Thursday, January 27, 2022
Wandering Along the Path: Right Speech
Today is another sunny day. Everyone is going to have to begin watering their plants, and drought again looms, but most things loom right now. I am deeply touched that Supreme Court Justice Breyer is retiring, and giving the court a chance to balance more equitably. I presume the right wing will create as much pain and suffering as possible during the process, if there even is a process. Merritt Garland never got his chance. But right now, with everything unknown, many of us like to envision a Black woman as the nominee as the President promised. Let us have our few moments of hope. Why is it so hard to have a jury of our peers? Class and priviledge play a role, as only those who can afford to take eight dollars a day for jury duty and have childcare or are not caretaking can manage this civic duty. The truth is, our judges are overwhelmingly white and male and upper class. They judge people to whom they have no affinity or understanding. I'm reading a terrific book, "Noise", by the Nobel prize winner in Economics, Paul Kahneman. He and two other economists have done extensive studies that prove there is no consistency or fairness in judges' sentences, and judgements of exactly the same crime can have widely varying sentences. Judges are not fair and impartial, but then I think we all knew that. The research gives us insight into how irrational and biased humans are, even when they feel confident they are.

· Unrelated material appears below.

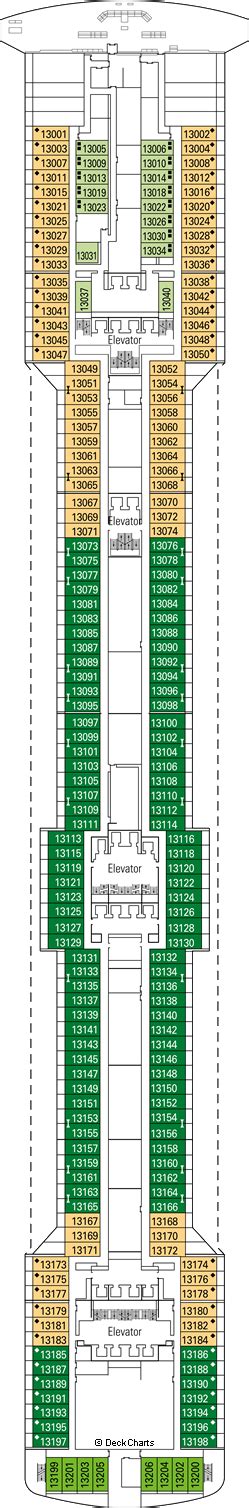 MSC Fantasia Deck Plans: Ship Layout, Staterooms & Map - Cruise Critic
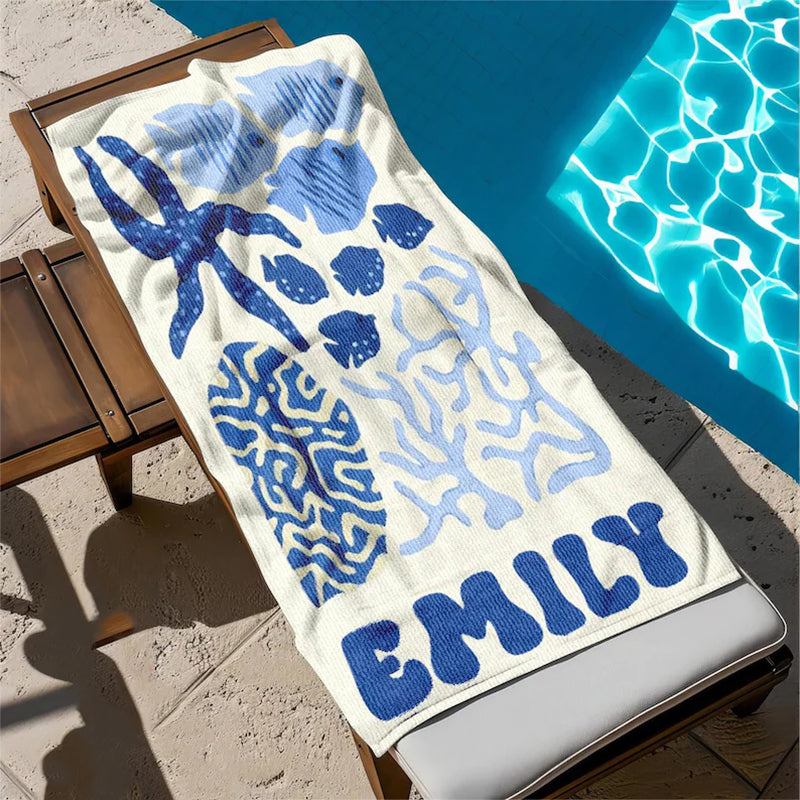 Personalized Bachelorette Towels, Girls Trip 2026, Custom Bride Squad Beach Towel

So the Supreme Court is just as emotional and biased as the rest of our citizens. Even factors like climate temperature, tone of voice and appearance play a much bigger role than judges think. Random AI does a better job of sentencing but not by much. Simply put, the courts do a terrible job of impartiality.
This illuminates why debates in Congress and among our citizens become so heated and blaming. As my Buddhist teacher says, we are not so evolved as we wish we were. Human fraility and failure is evident everywhere. Let's hope for the best with his nominee process but I think we'll all be unsurprised if it does not turn out to be a pretty picture.